GEW: Arbeit nicht wegdefinieren

Das Niedersächsische Kultusministerium hat Gewerkschaften und andere Organisationen am Freitag, den 29.1. 2016 zu einem Dialog eingeladen, um eine geplante Online-Befragung der 86.000 Lehrkräfte vorzustellen. Diese soll unter dem Motto „Mehr Zeit für gute Schule" stehen. Die Gewerkschaft Erziehung und Wissenschaft wird sich nicht an der Ausarbeitung der Umfrage beteiligen, weil der irreführende Eindruck erweckt wird, mit ihr könnten „belastbare Ergebnisse" zur Arbeitsbelastung und Arbeitszeit der Lehrkräfte gewonnen werden. Die GEW sieht die Online-Befragung als Versuch der Landesregierung an, die Deutungshoheit in Sachen Arbeitszeit der Lehrkräfte wieder zu gewinnen, die sie mit dem Urteil des Oberverwaltungsgerichts Lüneburg verloren hat.

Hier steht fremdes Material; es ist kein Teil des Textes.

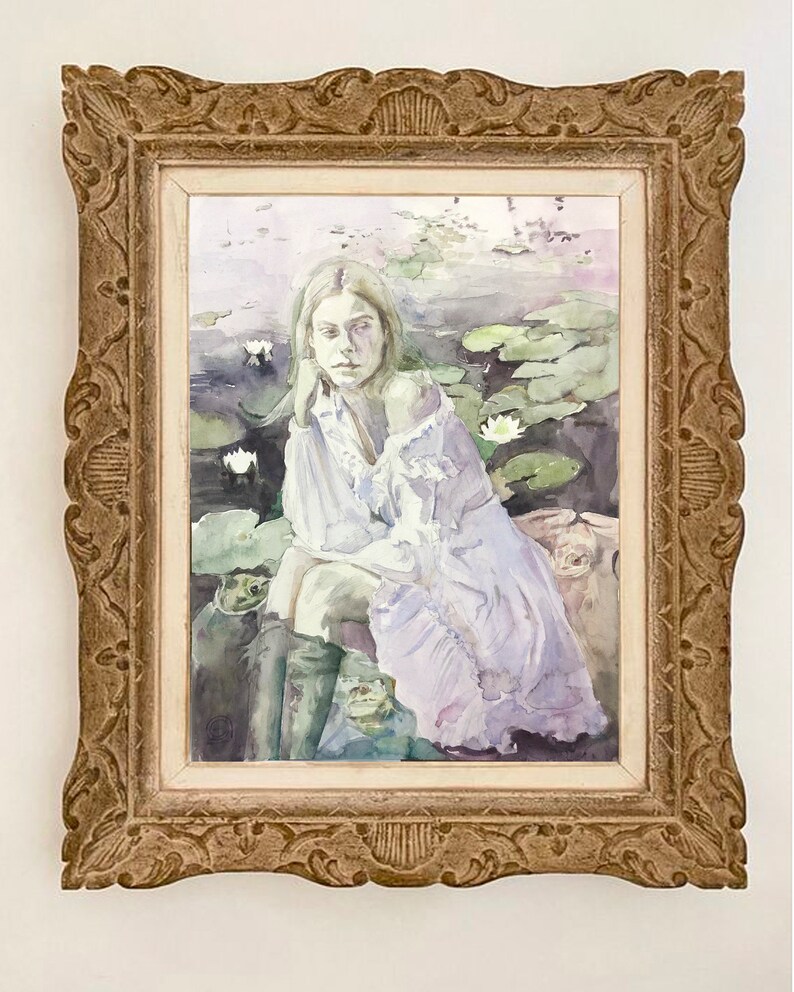 May include: Watercolor painting in a decorative gold frame. The artwork depicts a woman in a white dress seated among lily pads. The frame has ornate detailing. The painting has a soft, ethereal quality with muted colors.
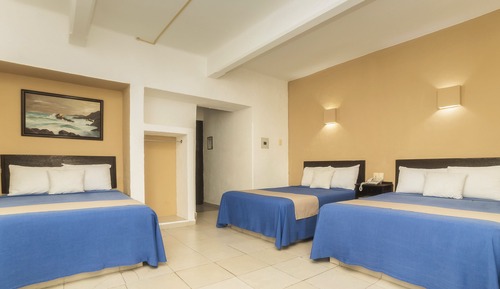 Habitación triple estándar, varias camas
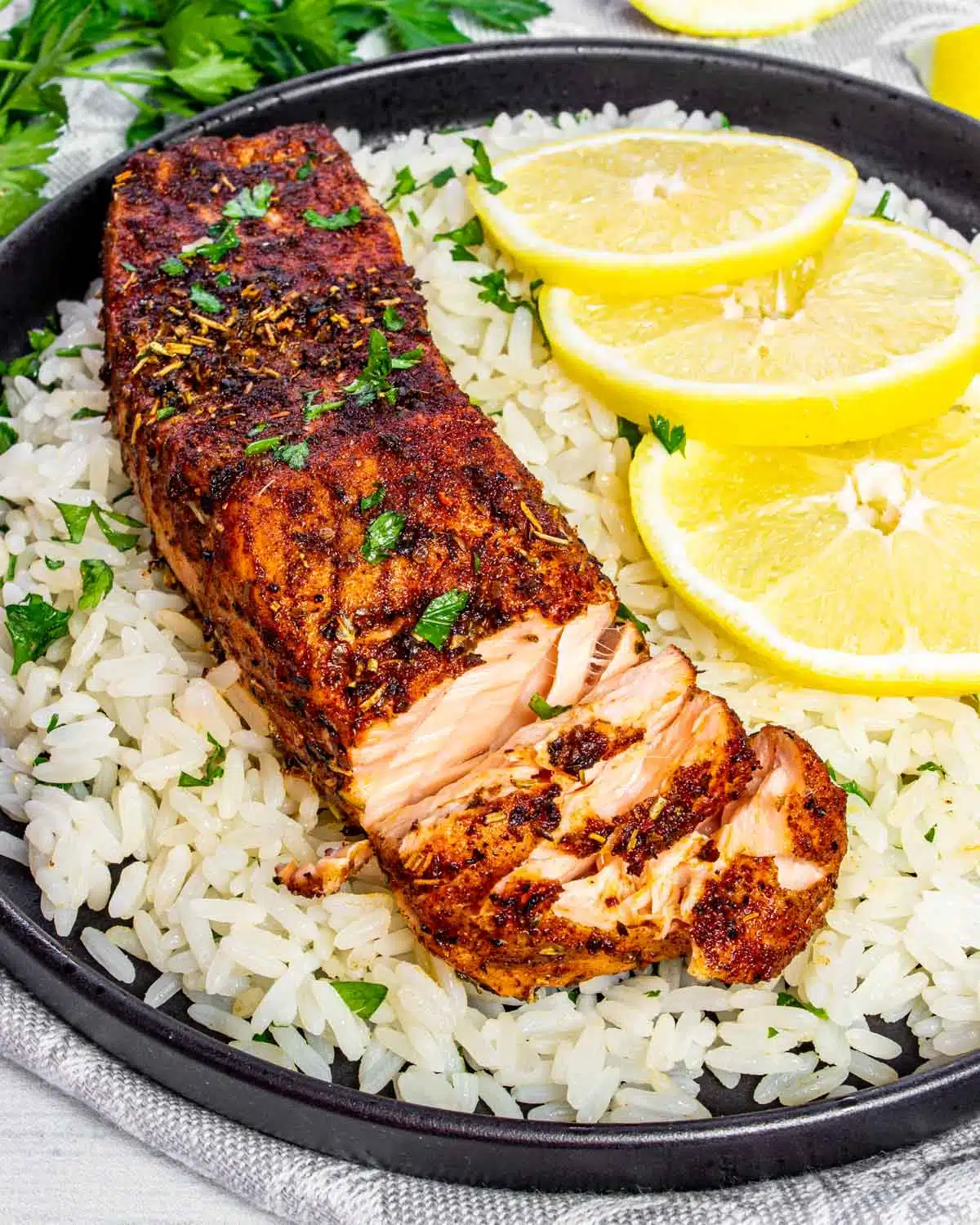 a salmon fillet on a bed of rice with lemon slices.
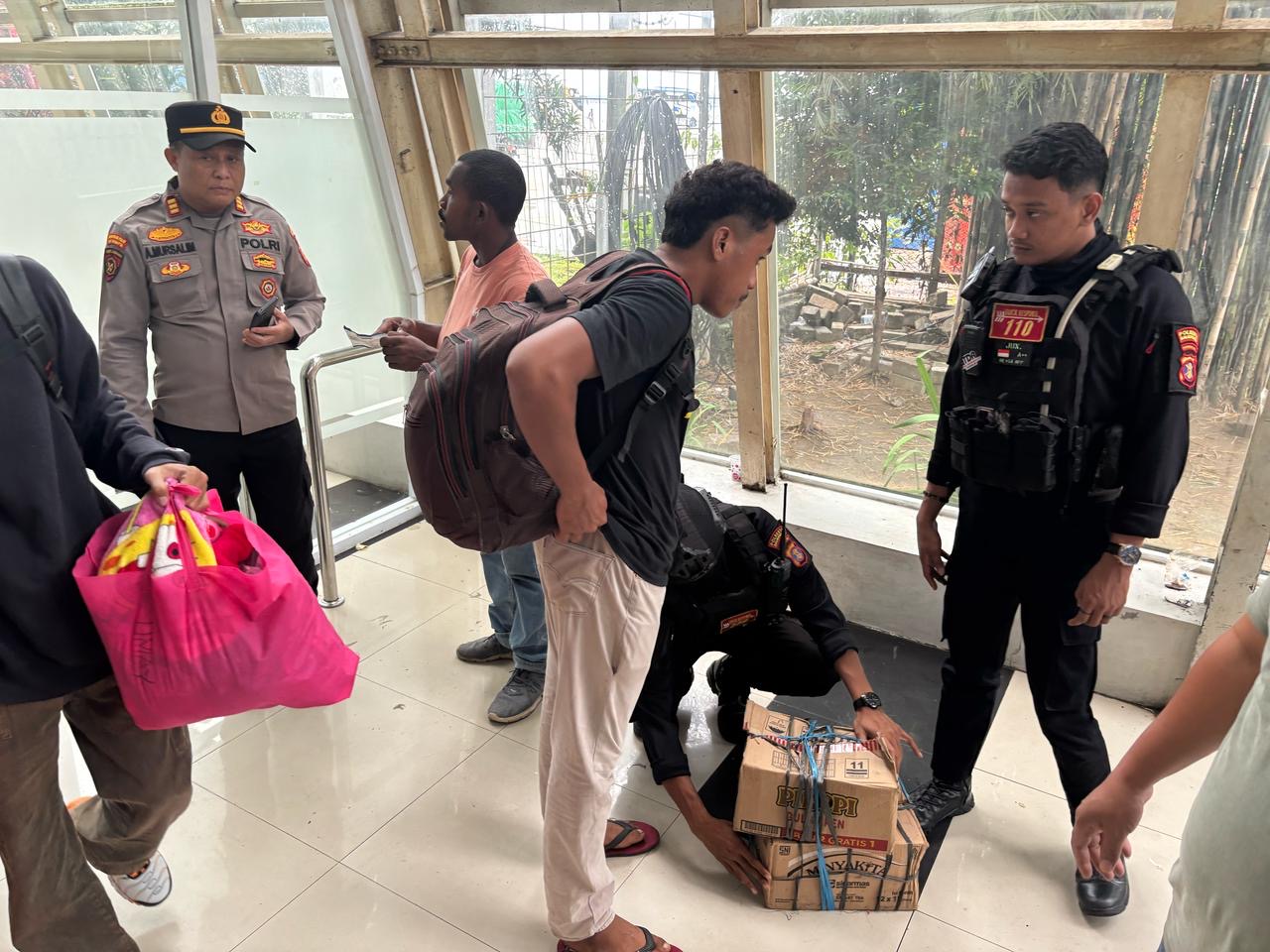 Petugas melakukan pemeriksaan barang bawaan penumpang yang baru turun dari kapal.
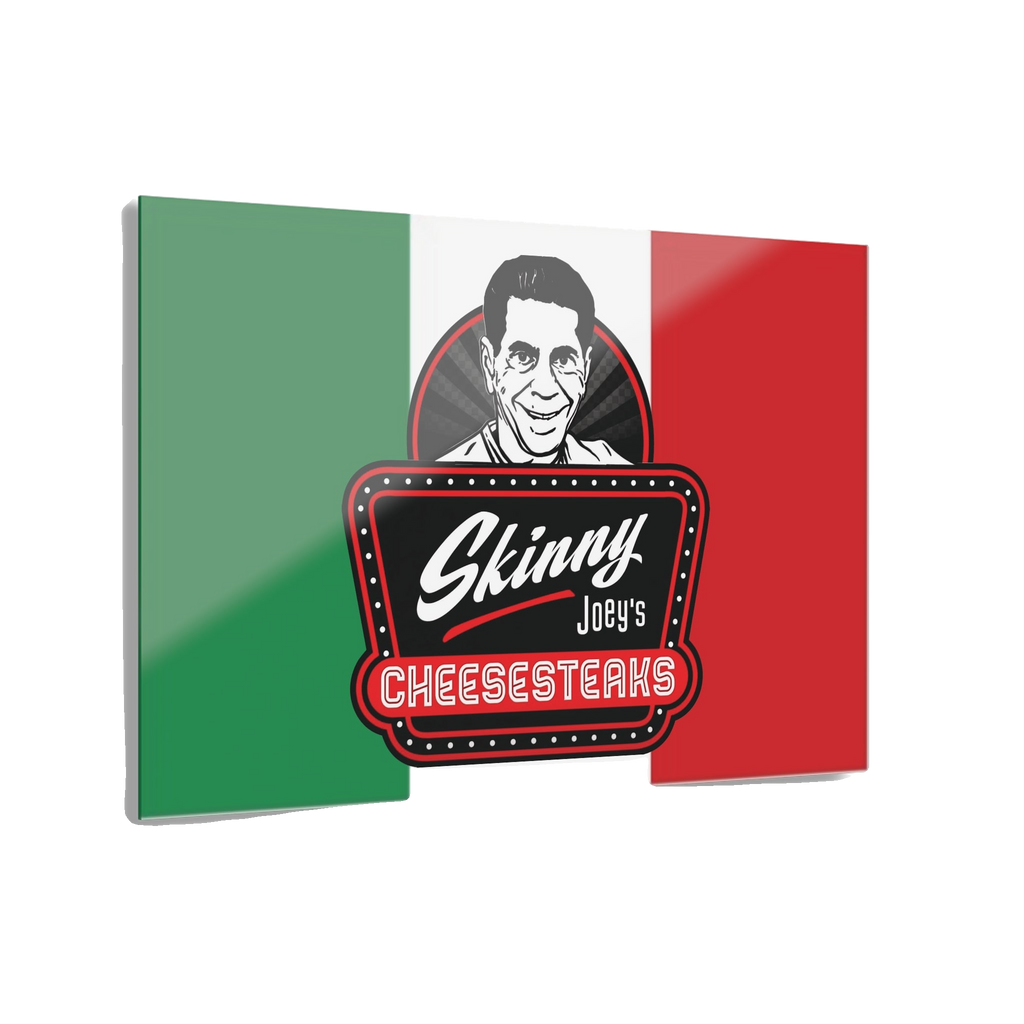 Flag with 'Skinny Joey's Cheesesteaks' logo and a person's face on a white background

Wissenschaftlich abgesicherte und juristisch beachtliche Ergebnisse werde dagegen die große Arbeitszeituntersuchung der GEW und der Universität Göttingen liefern, bei der an über 250 Schulen etwa 3.000 Kolleginnen und Kollegen mitmachen und ein Jahr lang ihre Arbeitszeit minutengenau aufschreiben. In seinem Urteil zur Arbeitszeit der Gymnasiallehrkräfte zitiert das Oberverwaltungsgericht Lüneburg das Pilotprojekt zur Arbeitszeitstudie am Gymnasium Tellkampfschule in Hannover, in dem eine massive Überschreitung der 40-Stundenwoche festgestellt wurde und erklärt, dass diese Form der Arbeitszeiterfassung gerichtlich verwertbar ist. Die stellvertretende Landesvorsitzende Laura Pooth kündigt an, dass die GEW die Studie im August 2016 präsentieren wird.

Die Gewerkschaft Erziehung und Wissenschaft Niedersachsen betont, dass die Unterrichtsverpflichtung gesenkt und gezielte Entlastungen eingeführt werden müssen. „Nur so bekommen die Lehrkräfte mehr Arbeitszeit für die Tätigkeiten, die dem Unterricht vor- und nachgelagert sind. Nur so geht 'gute Schule'", erklärt der Landesvorsitzender der GEW Eberhard Brandt. „Wir brauchen Zeit, um Unterrichts- und Schulkonzepte und uns selbst weiterzuentwickeln. Anders können Inklusion, durchgängige Sprachförderung und Ganztagsschulen nicht gelingen. Auch die Integration der Geflüchteten will gelernt sein."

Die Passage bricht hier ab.